Since 1949, when East Turkistan was completely annexed, eight Uyghur figures have been puppet chairmen in the region: Burhan Shahidi (1949–1955), Saifuddin Azizi (1955–1967; 1972–1978), Ismail Amat (1979–1985), Tömür Dawamat (1985–1993), Abdul’ahat Abdulrixit (1993–2003), Ismail Tiliwaldi (2003–2007), Nur Bekri (2007–2015 ), Shohrat Zakir (2015–2021), and Erkin Tuniyaz (2021- present).

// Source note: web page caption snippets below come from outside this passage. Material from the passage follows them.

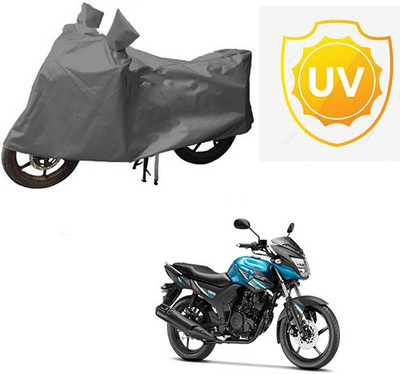 Atulit enterprises Waterproof Two Wheeler Cover for Yamaha(SZ-RR, Grey)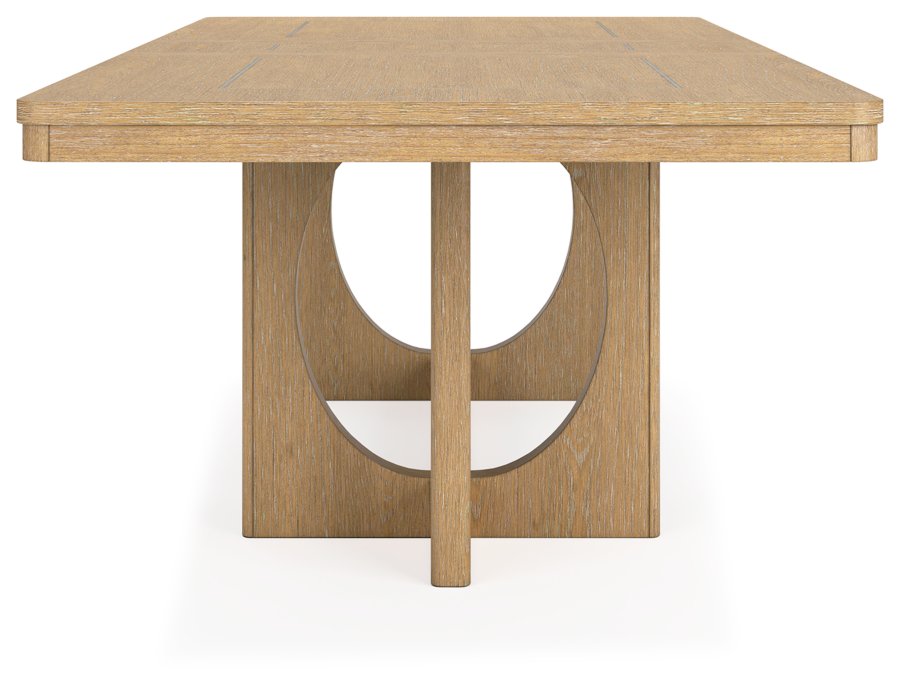 Mesa de comedor extensible Rencott, 4 sillas y banco - image 22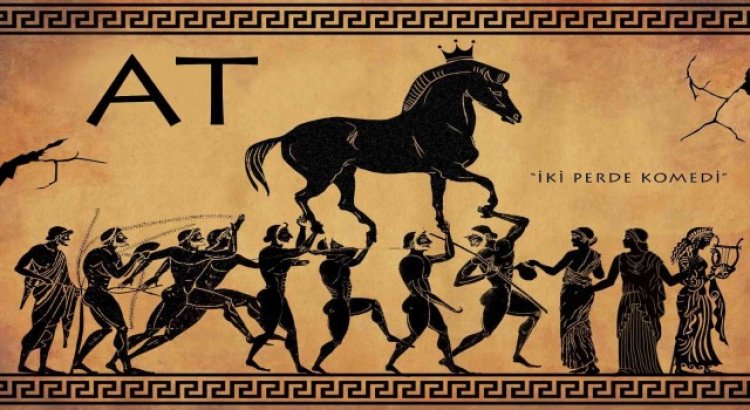 Maltepe Belediye Tiyatrosunun yeni oyunu ‘At, izleyiciyle buluşuyor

All of these Beijing-appointed officials served Chinese immediate needs during different periods of the colonial regime. For example, Burhan Shahidi and Saifuddin Azizi played roles in the capture of East Turkestan by the Chinese Red Army and the dissolution of the East Turkestan national army. İsmail Amat and Tömür Dawamat played roles in the rapid increase in Chinese immigrants in the Uyghur region. Abdul’ahat Abdulrixit and Ismail Tiliwaldi played roles in the fight against ethnic separatism and “terrorism.” Finally, Nur Bekri pioneered the suspension of the Uyghur language in education systems under the name of bilingual policy, and Shohrat Zakir played a historical role in the construction of the camps under the guise of fighting religious extremism.
Erkin Tuniyaz, in his role, came to the rescue of the regime against the international criticism that China faced on the issue of the Uyghur genocide.
These puppet officials are supported by Beijing in the extent and scale of their role; a comfortable standard of living has always been provided for them and their families. Considering the isolation of the region, especially the limited freedom of travel for Uyghurs, visiting foreign countries is not only a duty but also a reward for these puppets. Clearly, that is why our friend was making fun of the “artist” Tuniyaz and “pitying” him when his visit was canceled.
Puppets are known for their soft necks and obedience to Chinese authorities and, conversely, for their stubbornness, arrogance, and brutality toward Uyghurs.
Therefore, Uyghurs see these puppet officials as traitors. Since these views are general and uncontroversial, there are no critical articles or books written about them; only sarcastic nicknames are given.
For example, Tömür Dawamat is nicknamed “Tömür Texse.” “Texse” means “iron plate.” This nickname refers to the term “platter bearer,” which refers to sycophants in Uyghur. Abdul’ahat Abdulrixit is nicknamed “Ablet Omaq.” “Omaq” (cute) refers to babies who always smile and do not upset their parents. He was given this nickname because of his record of never complaining about any unreasonable demands or orders from the Chinese. Ismail Tiliwaldi is called “Ismail Beqiwaldi,” which means “to be adopted” by Chinese authorities. Nur Bekri is referred to as “Wang Bekri” because he did not stray an inch from the line of Wang Feng (a former Han Chinese governor of Xinjiang) at any time. Finally, Shohrat Zakir’s surname, is incompletely pronounced as “Shohrat Za” (coal dust), meaning that he is unnecessary and useless for Uyghur society.
Prior to 2017, while serving in Hotan and elsewhere, Erkin Tuniyaz was known for his shyness before Chinese officials. He was nicknamed “the slave Tuniyaz” at that time, mocking that this attitude contradicted his given name, Erkin (freedom). In recent years, his nickname has changed to “Ertis Tuniyaz” due to his role at the United Nations. “Ertis” in Uyghur comes from the term “artist” in English and also means “actor.”
Therefore, the fact that the British MPs have blocked Erkin Tuniyaz’s visit to the UK, and the USA has sanctioned him, is a true representation of the voice of the Uyghur people, and a sign of genuine sympathy for the suffering of the Uyghurs. It is a fitting slap in the face of all those who support the oppressors and cover up the Uyghur genocide and other crimes against humanity.